Debenhams reported an increase in its interim sales and pre-tax profits despite warm weather in the autumn and a challenging retail climate.
For the six months to March 3, the department store chain posted a net profit of £95.5m, up from £91.5m in the same period a year ago, on revenue 1.4 percent higher at £1.48bn.
Same-store sales excluding value-added tax were up just 0.3 percent. Pretax profit was up slightly at £127.1 from £125.3m.
Shares in the department store group rose nearly 2.5 percent in early London trading, changing hands at 82.5 pence, within touching distance of the year-to-date high of 82.65 pence.
An interim dividend of 1 pence a share was declared and the group intends to use up to £20m to buy back shares over the next six months. Earnings per share increased by 4.2 percent to 7.4 pence compared with 7.1 pence for the first half of last year.

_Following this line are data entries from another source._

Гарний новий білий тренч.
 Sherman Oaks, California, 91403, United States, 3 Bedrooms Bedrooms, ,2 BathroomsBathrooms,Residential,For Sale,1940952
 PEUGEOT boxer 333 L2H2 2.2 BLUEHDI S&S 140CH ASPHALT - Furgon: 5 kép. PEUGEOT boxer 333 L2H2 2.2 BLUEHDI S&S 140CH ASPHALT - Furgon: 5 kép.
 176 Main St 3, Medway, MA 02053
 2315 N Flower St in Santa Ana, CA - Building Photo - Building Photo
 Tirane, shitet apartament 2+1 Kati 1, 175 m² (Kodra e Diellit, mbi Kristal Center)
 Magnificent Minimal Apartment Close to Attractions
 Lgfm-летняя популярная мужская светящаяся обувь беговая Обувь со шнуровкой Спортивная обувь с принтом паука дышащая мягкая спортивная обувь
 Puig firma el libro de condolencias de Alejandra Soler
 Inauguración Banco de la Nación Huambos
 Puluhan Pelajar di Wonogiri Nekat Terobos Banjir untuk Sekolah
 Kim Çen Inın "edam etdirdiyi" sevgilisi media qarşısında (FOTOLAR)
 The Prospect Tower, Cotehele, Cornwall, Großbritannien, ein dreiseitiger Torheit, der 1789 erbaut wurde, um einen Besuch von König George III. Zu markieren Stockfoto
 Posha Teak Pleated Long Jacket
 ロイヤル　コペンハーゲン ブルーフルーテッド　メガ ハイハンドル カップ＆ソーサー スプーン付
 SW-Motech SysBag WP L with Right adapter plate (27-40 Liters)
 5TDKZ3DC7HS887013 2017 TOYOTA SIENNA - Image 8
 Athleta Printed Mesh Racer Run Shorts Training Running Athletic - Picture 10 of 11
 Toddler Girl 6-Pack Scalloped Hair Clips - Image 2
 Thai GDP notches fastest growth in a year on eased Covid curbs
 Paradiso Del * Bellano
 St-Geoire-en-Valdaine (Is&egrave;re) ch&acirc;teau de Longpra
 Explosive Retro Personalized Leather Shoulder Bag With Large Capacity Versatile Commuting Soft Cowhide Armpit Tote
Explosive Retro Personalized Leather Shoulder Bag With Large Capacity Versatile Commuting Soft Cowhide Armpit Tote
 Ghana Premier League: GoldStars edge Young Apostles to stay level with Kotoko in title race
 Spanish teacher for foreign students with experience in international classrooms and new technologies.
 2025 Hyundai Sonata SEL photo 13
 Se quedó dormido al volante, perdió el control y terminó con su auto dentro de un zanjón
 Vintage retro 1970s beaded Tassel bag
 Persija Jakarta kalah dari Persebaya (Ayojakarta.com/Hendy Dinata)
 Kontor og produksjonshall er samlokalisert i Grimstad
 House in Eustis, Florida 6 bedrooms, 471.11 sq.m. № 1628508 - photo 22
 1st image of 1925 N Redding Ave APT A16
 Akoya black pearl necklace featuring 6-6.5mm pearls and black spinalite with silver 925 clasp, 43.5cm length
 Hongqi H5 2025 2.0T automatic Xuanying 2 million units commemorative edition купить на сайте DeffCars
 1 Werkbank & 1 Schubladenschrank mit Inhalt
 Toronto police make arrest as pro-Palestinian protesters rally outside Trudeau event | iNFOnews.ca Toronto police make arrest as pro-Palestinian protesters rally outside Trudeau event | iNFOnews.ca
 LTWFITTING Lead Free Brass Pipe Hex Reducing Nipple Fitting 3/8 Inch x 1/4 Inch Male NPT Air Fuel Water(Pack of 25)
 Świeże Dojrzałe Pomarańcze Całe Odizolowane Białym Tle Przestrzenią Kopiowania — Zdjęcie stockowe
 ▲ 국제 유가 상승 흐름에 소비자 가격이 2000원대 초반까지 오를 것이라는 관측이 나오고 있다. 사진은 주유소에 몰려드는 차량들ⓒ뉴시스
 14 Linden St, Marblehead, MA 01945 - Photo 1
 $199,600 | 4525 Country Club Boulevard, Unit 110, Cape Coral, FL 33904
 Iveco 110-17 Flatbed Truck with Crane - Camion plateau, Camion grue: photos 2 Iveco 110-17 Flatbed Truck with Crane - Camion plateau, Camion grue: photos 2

"The company was pleased with the first half given the difficult economic environment and the impact of unfavourable weather in the autumn, which affected sales of outerwear. The company is comfortable with market forecasts for the current year, but said the outlook for the next six months is unclear," said CEO Michael Sharp.
"We are mindful of the impact the wider economy may have on consumer behaviour in the second half of the year as well as the uncertain effects of the major one-off events taking place in the UK during the summer," added Michael.
Debenhams faces a tough consumer climate for the remainder of the year as economic conditions continue to restrain spending along with the uncertain effects of the major one-off events taking place in the U.K. during the summer. Disruption from the store modernisation programme will also be at its highest during the second half.